:: Listed entries ::
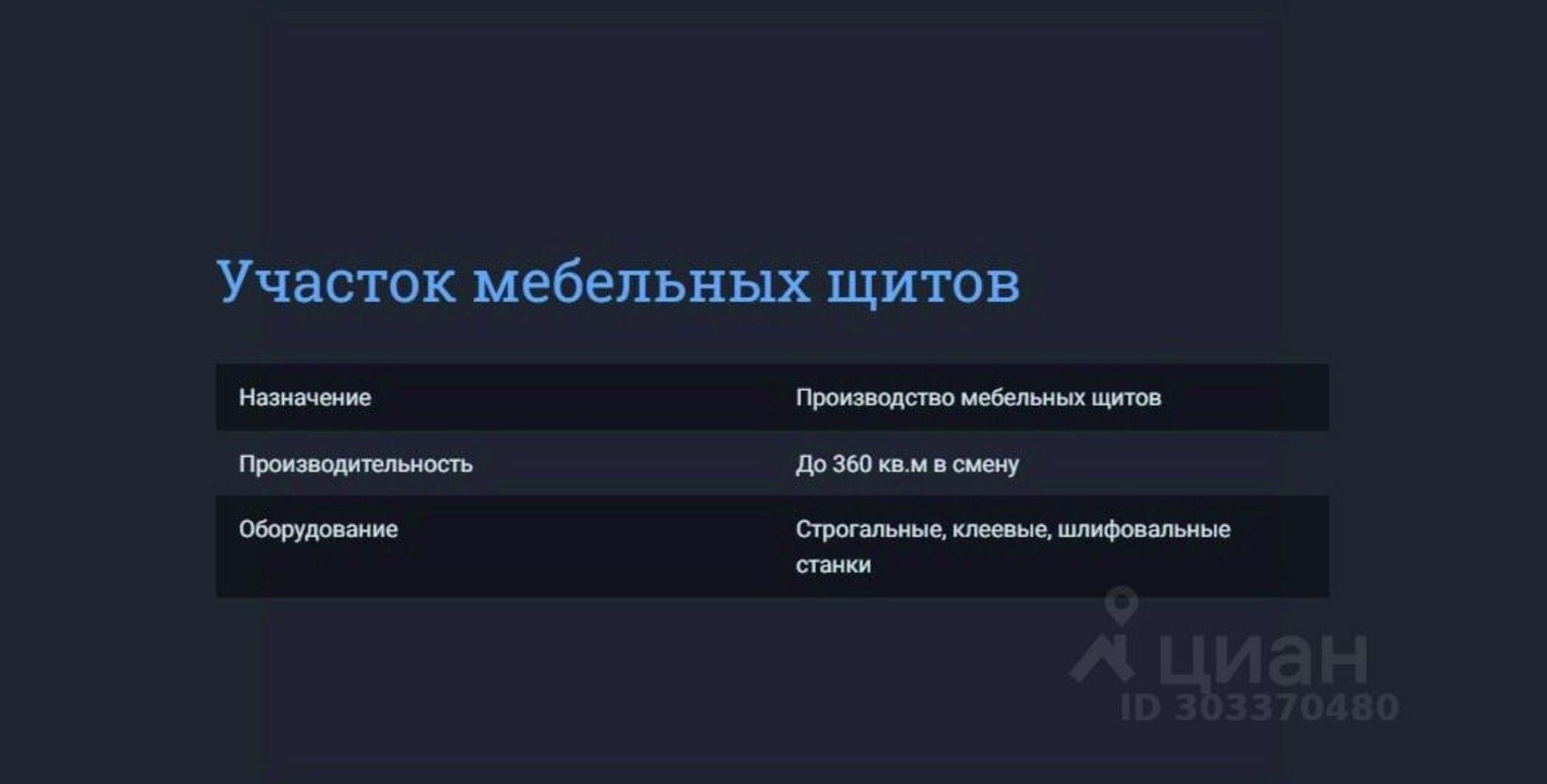 Купить производственную площадь за 160 000 000 рублей на 47К-062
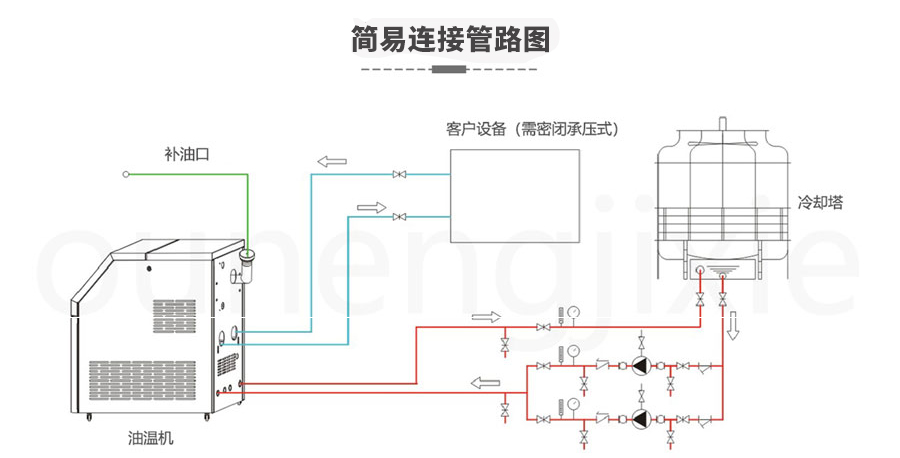 模溫機加熱需要接觸物料主機嗎？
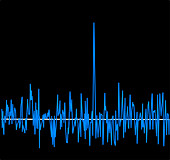 Radar plot of asteroid Apophis,2005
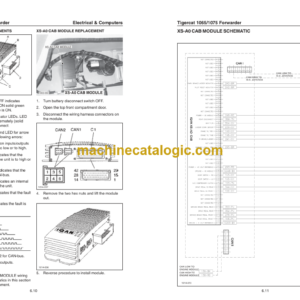 Tigercat 1065, 1075 Forwarder Service Manual (10750101 – 10750300)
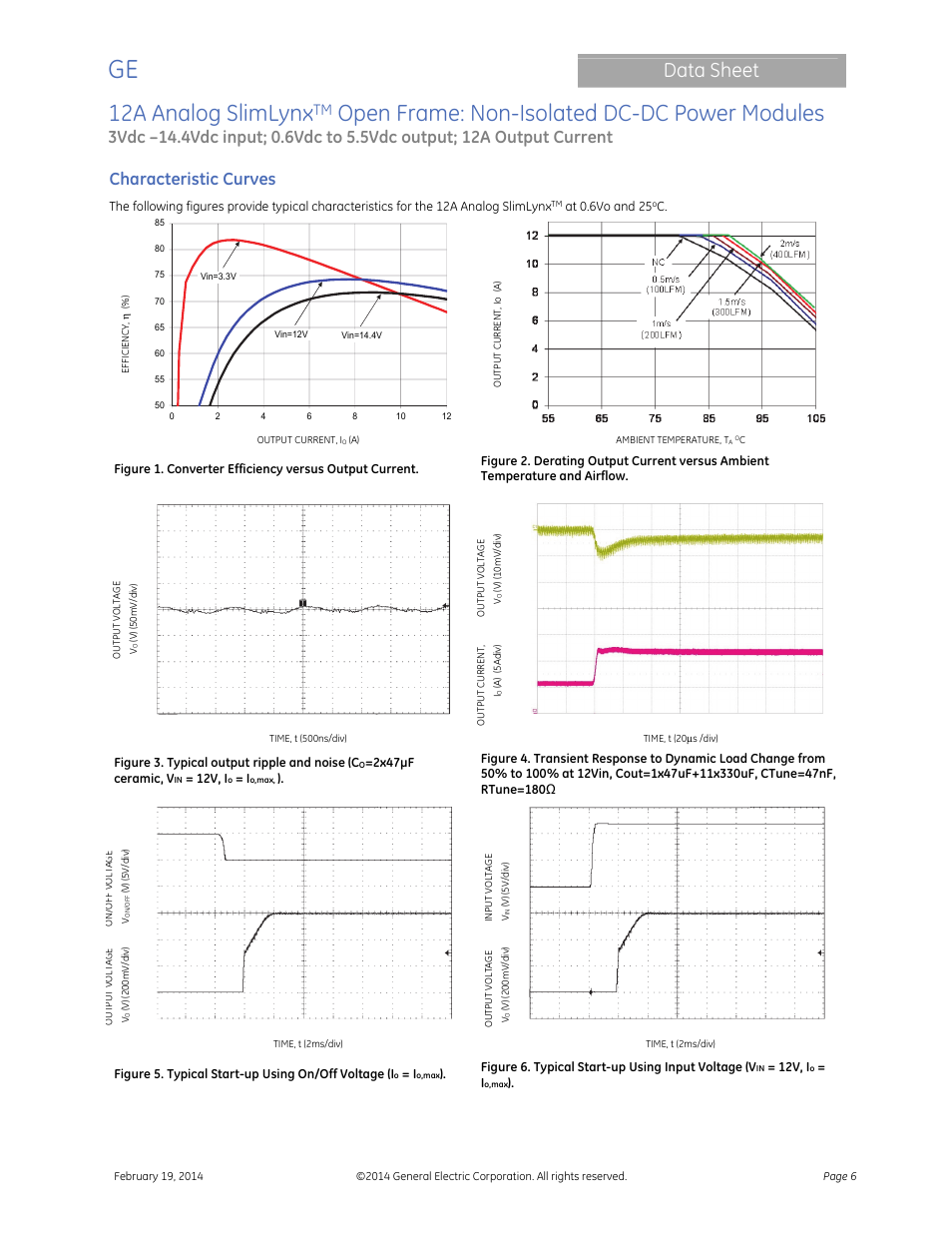 12a analog slimlynx, Open frame: non-isolated dc-dc power modules, Data sheet | Characteristic curves | GE Industrial Solutions 12A Analog SlimLynx Open Frame User Manual | Page 6 / 23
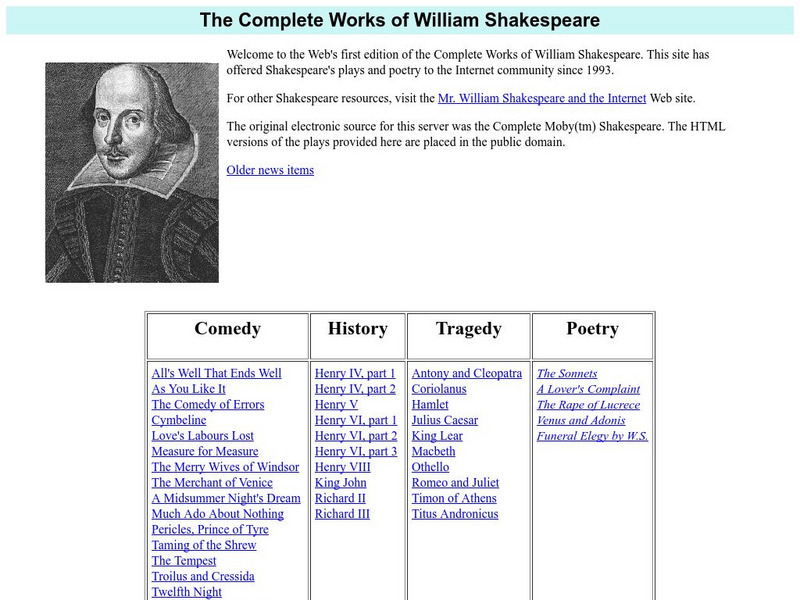 Mit: The Complete Works of William Shakespeare Primary Mit: The Complete Works of William Shakespeare Primary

:: Task ::
Write out exactly the lines from the one containing "12a analog slimlynx, Open" through the end of the records above, both included, leaving all pictures out.

:: Answer to this task ::
 12a analog slimlynx, Open frame: non-isolated dc-dc power modules, Data sheet | Characteristic curves | GE Industrial Solutions 12A Analog SlimLynx Open Frame User Manual | Page 6 / 23
 Mit: The Complete Works of William Shakespeare Primary Mit: The Complete Works of William Shakespeare Primary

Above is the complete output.